PROBLEM DESCRIPTION:
Repeat exactly the lines below, from the line containing "Silver Heart 18in Mylar Foil Balloon" through the last line, both included. Leave out any pictures.

RECORDS SUPPLIED:
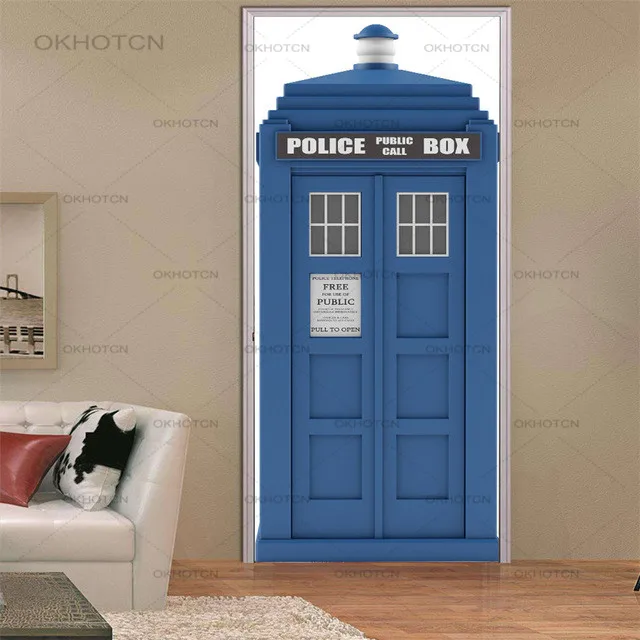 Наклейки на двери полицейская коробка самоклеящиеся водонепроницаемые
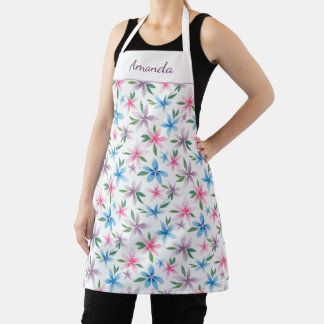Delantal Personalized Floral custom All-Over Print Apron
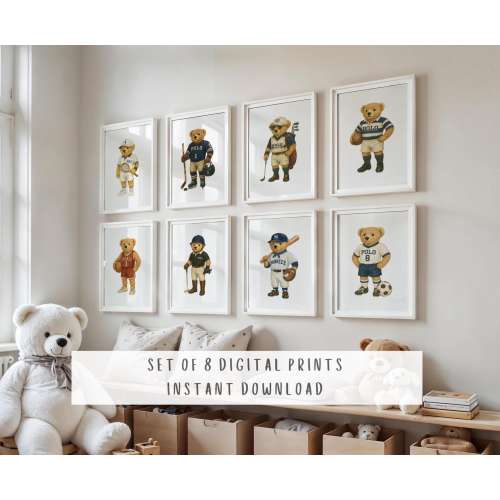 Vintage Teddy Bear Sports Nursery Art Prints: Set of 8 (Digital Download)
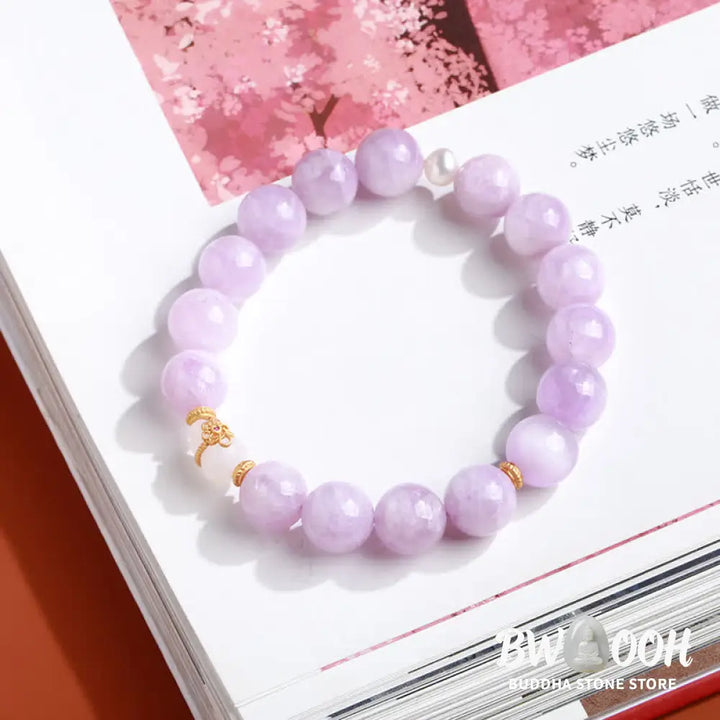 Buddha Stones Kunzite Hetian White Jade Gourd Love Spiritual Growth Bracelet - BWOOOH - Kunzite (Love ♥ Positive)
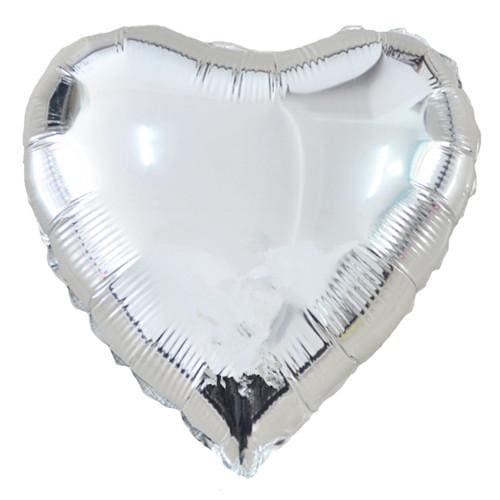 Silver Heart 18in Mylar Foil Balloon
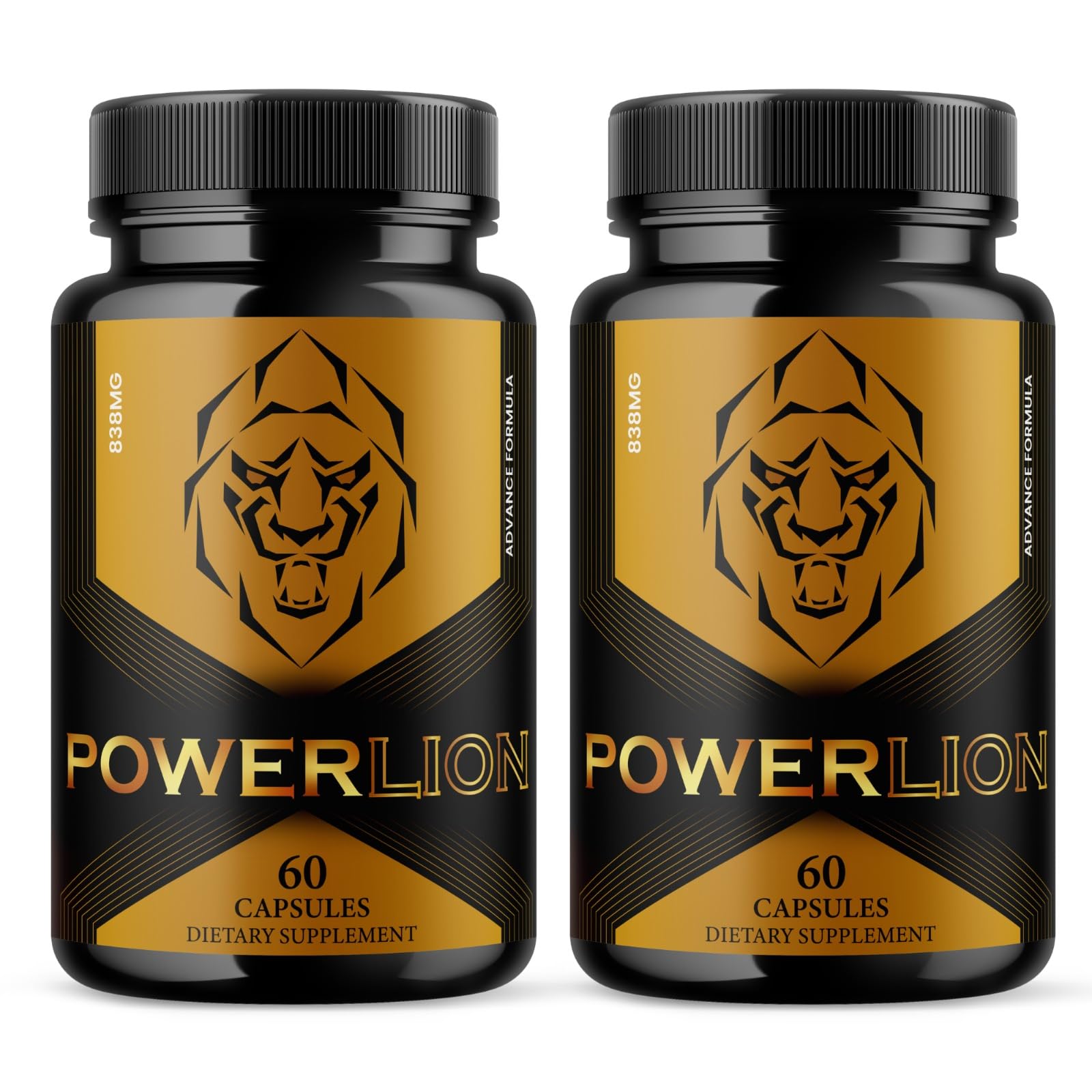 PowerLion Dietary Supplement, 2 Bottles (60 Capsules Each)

FINAL ANSWER:
 Silver Heart 18in Mylar Foil Balloon
 PowerLion Dietary Supplement, 2 Bottles (60 Capsules Each)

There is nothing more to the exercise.